> _Source data_:
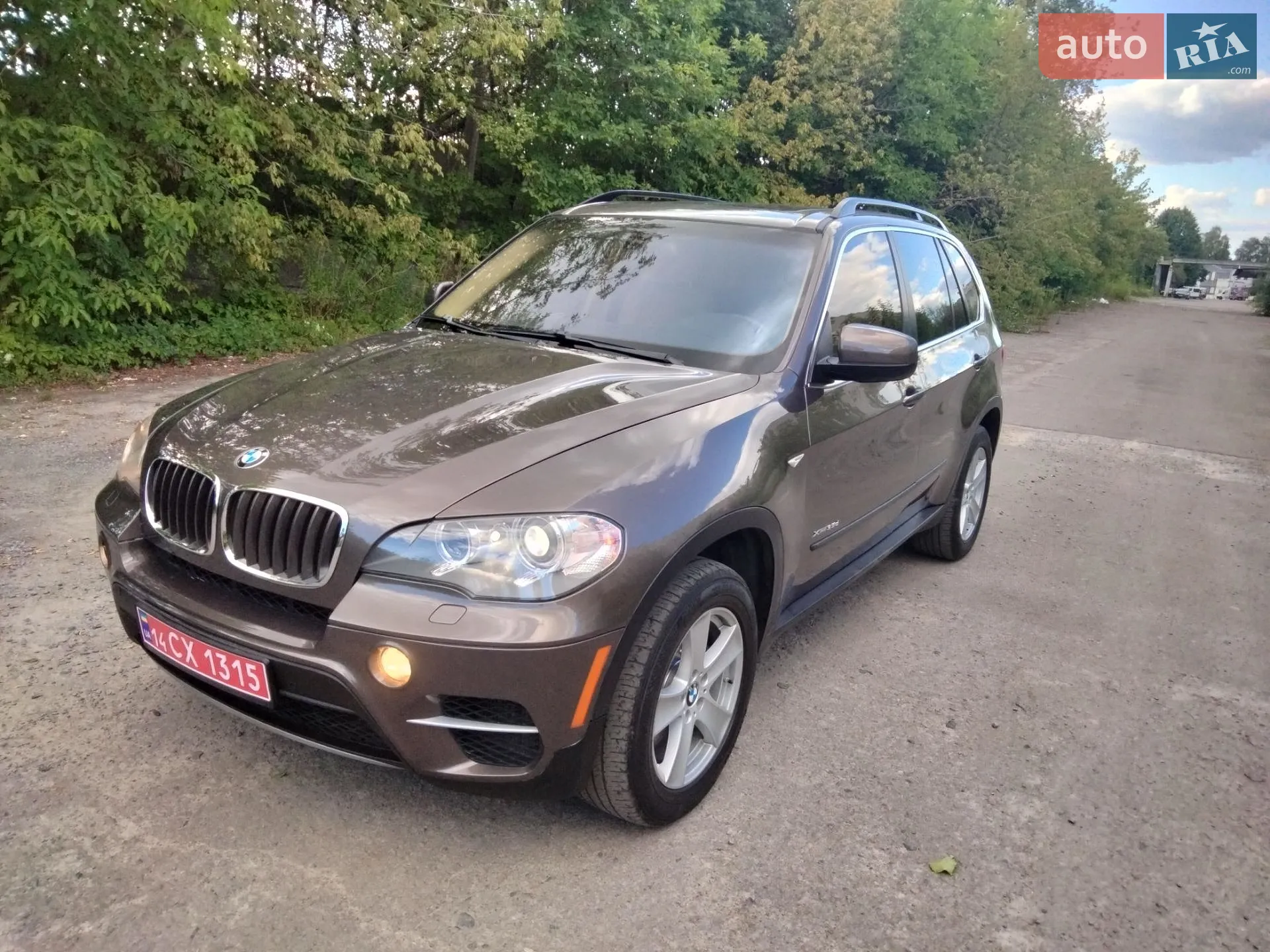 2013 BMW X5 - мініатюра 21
---
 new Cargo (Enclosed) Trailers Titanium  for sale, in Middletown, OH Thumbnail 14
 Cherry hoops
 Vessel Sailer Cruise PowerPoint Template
...
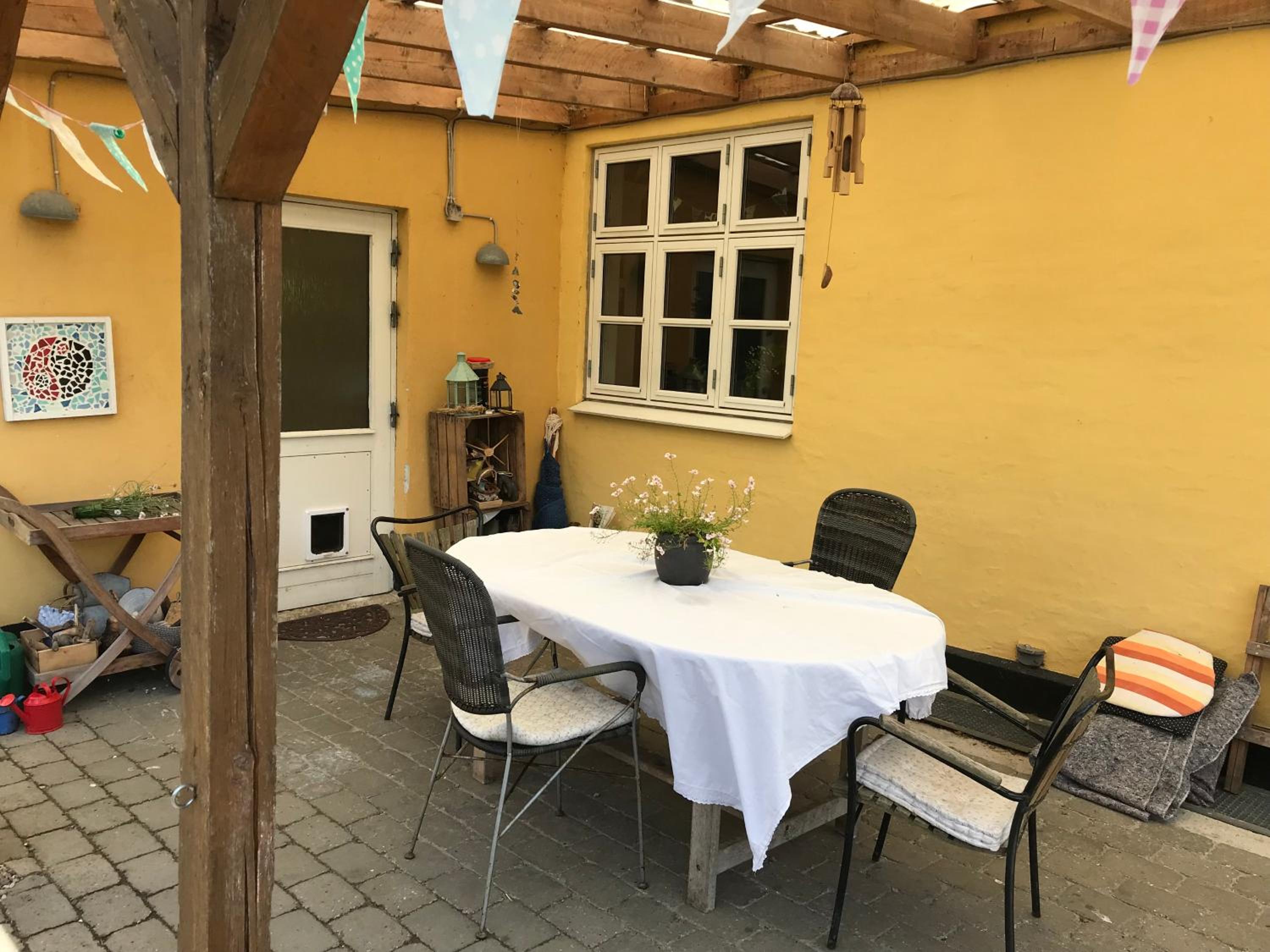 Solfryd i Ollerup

> _Task item_:
In the records above, find the line with "Cherry hoops"; write out exactly that line and each one after it, stopping after the line with "Vessel Sailer Cruise PowerPoint Template".

> _Response below_:
 Cherry hoops
 Vessel Sailer Cruise PowerPoint Template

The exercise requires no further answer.